Input for this task:
============

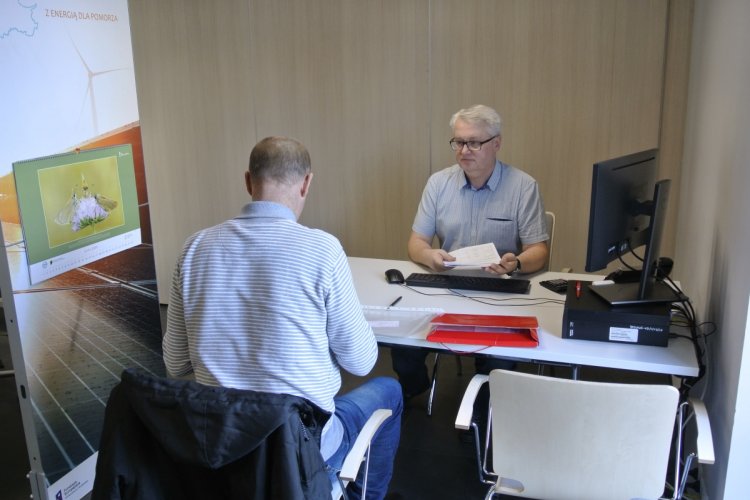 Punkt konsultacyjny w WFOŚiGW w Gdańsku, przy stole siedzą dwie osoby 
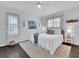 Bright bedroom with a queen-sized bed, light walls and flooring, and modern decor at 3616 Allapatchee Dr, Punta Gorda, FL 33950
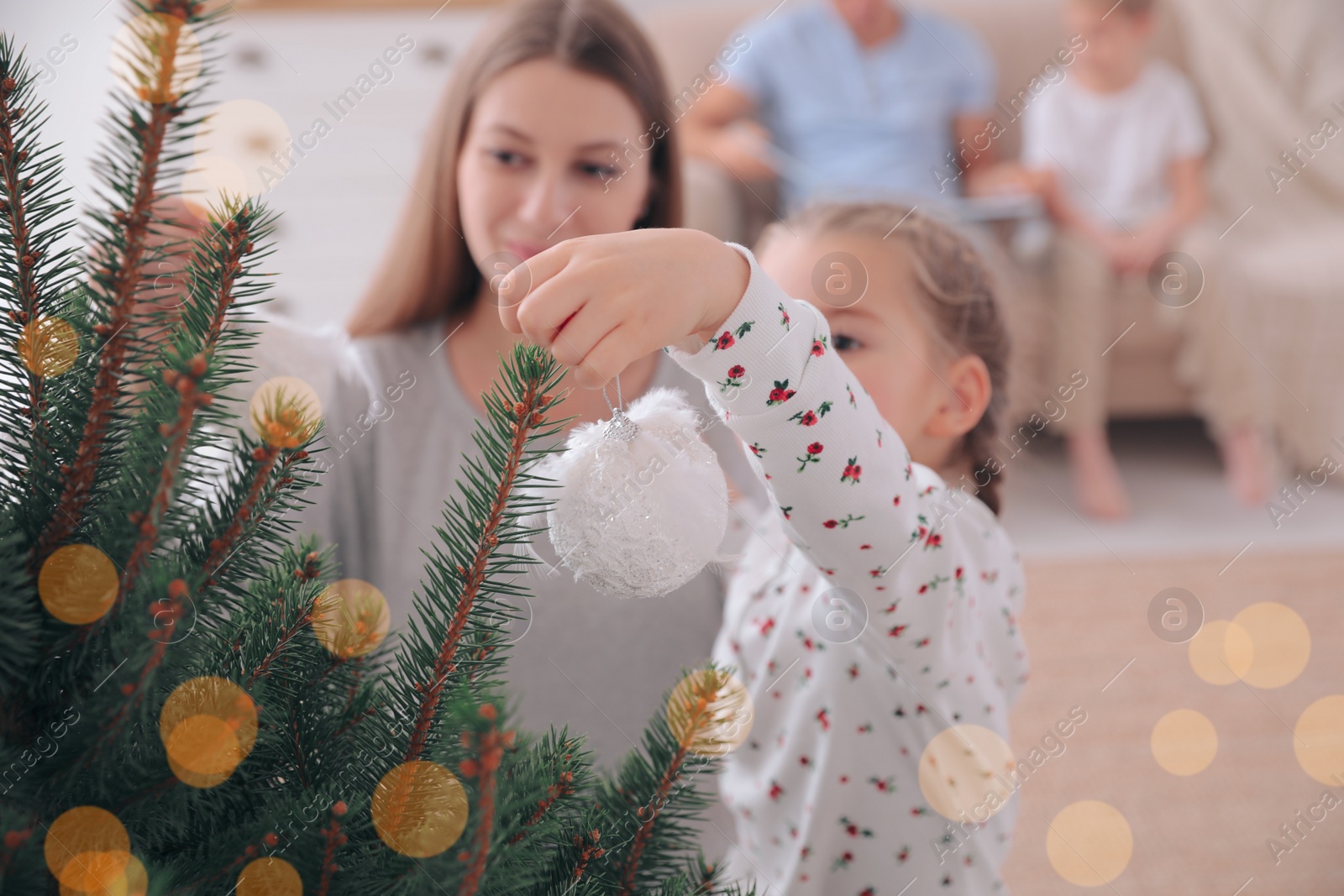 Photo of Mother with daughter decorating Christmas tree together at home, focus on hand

============

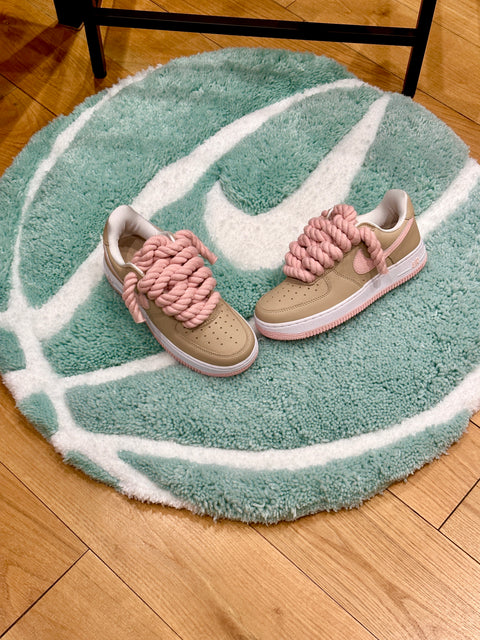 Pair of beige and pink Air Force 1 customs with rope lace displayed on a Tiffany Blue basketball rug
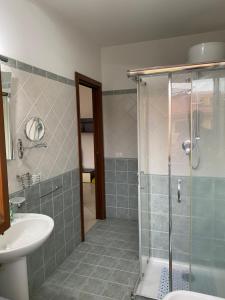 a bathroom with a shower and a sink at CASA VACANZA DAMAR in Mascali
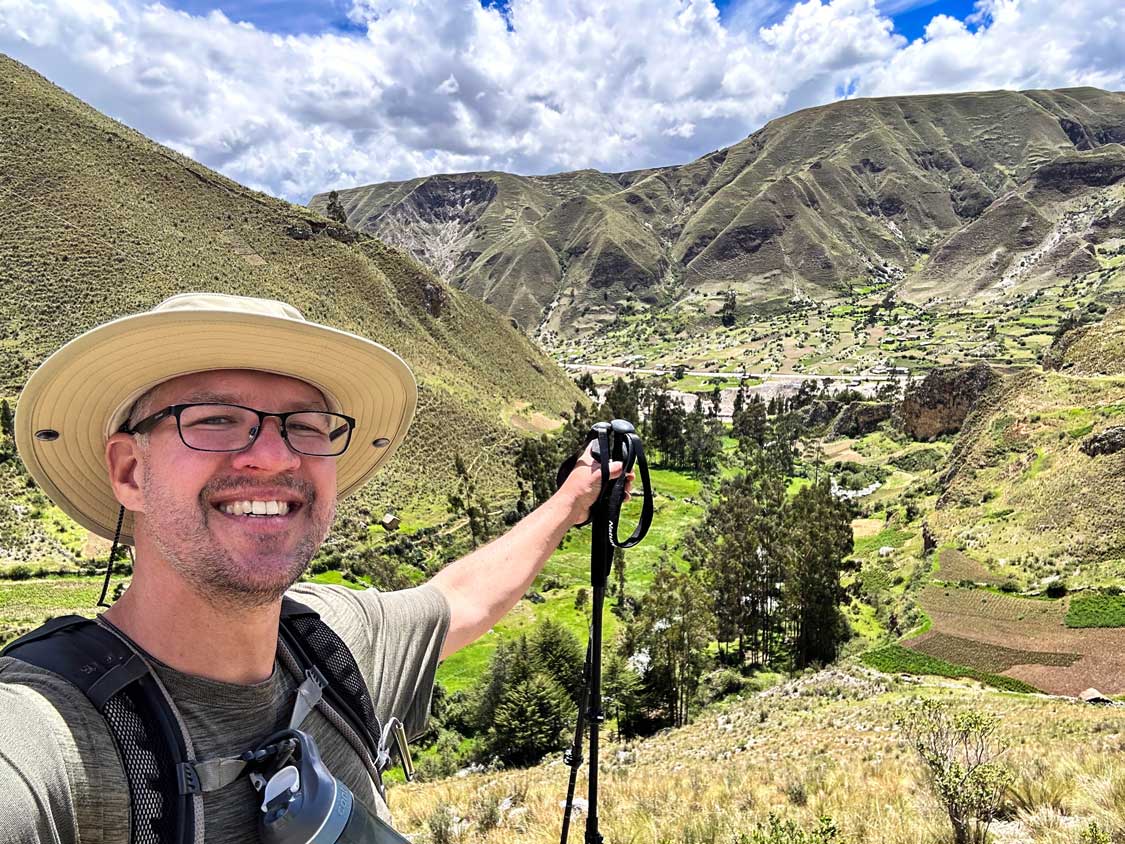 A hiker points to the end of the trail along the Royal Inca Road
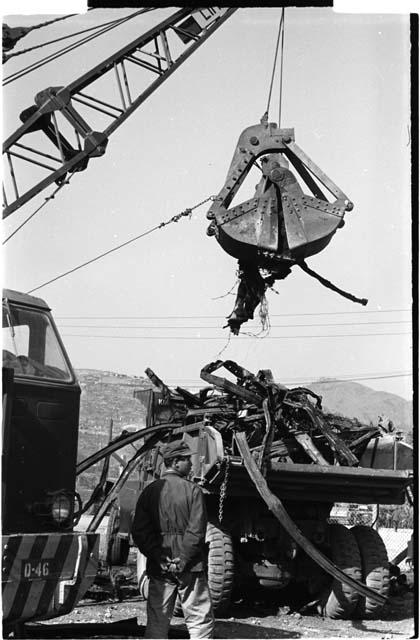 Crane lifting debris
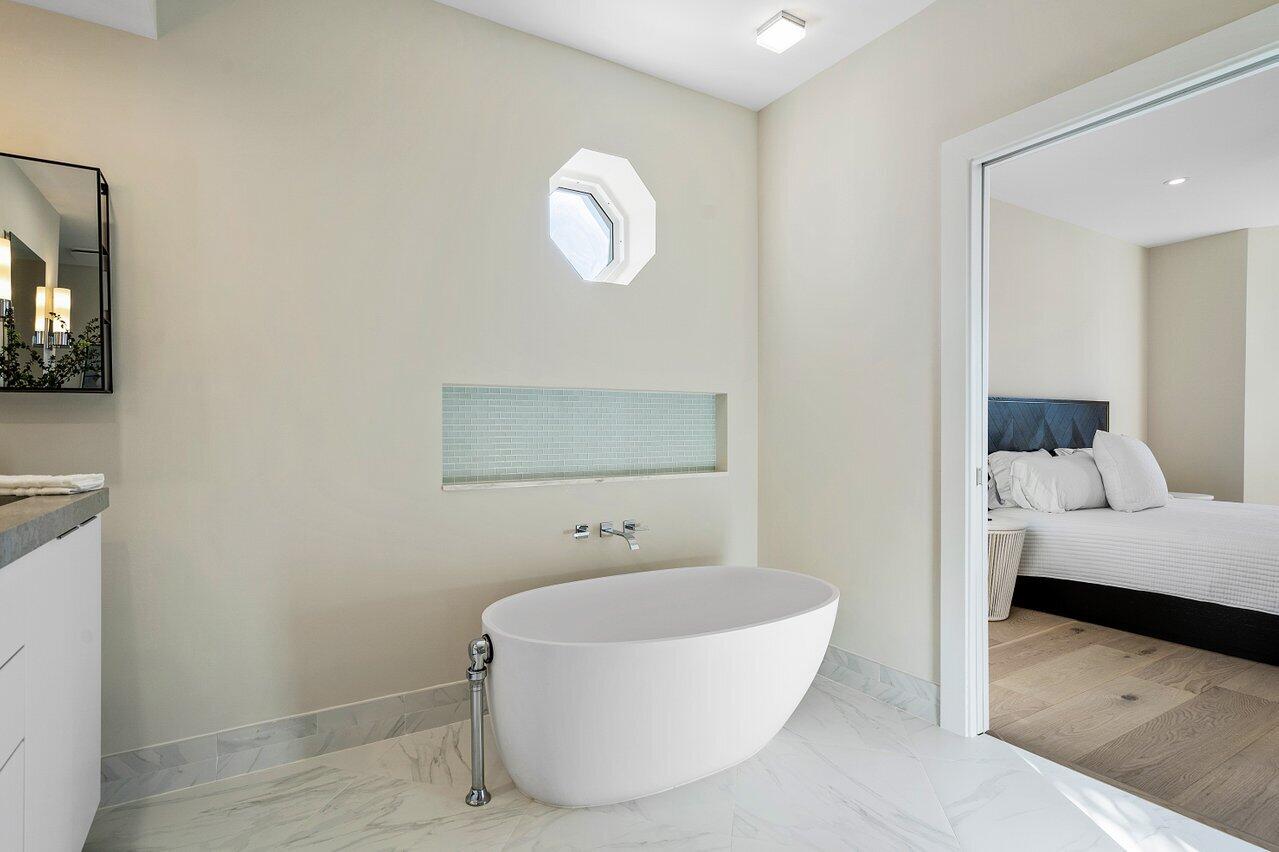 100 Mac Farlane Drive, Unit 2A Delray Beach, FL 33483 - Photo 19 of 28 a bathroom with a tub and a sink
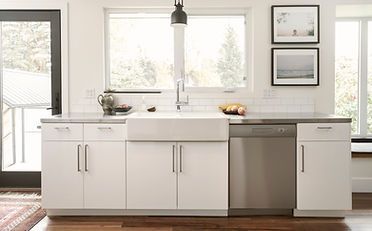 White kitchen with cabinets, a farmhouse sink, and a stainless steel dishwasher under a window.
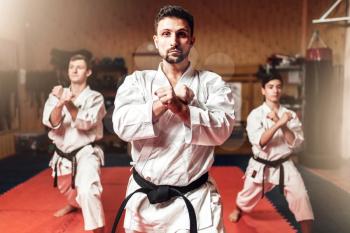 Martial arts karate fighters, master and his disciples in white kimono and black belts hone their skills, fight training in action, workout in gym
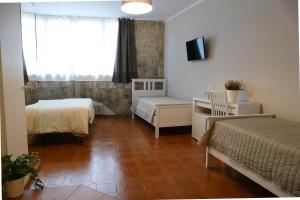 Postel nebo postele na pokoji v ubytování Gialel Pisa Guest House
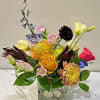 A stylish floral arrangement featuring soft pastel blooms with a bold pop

============

Problem requirements:
Using the data above, retype exactly the lines from the line with "White kitchen with" to the line with "A stylish floral", inclusive. No pictures and nothing else.

Reply to the exercise:
 White kitchen with cabinets, a farmhouse sink, and a stainless steel dishwasher under a window.
 Martial arts karate fighters, master and his disciples in white kimono and black belts hone their skills, fight training in action, workout in gym
 Postel nebo postele na pokoji v ubytování Gialel Pisa Guest House
 A stylish floral arrangement featuring soft pastel blooms with a bold pop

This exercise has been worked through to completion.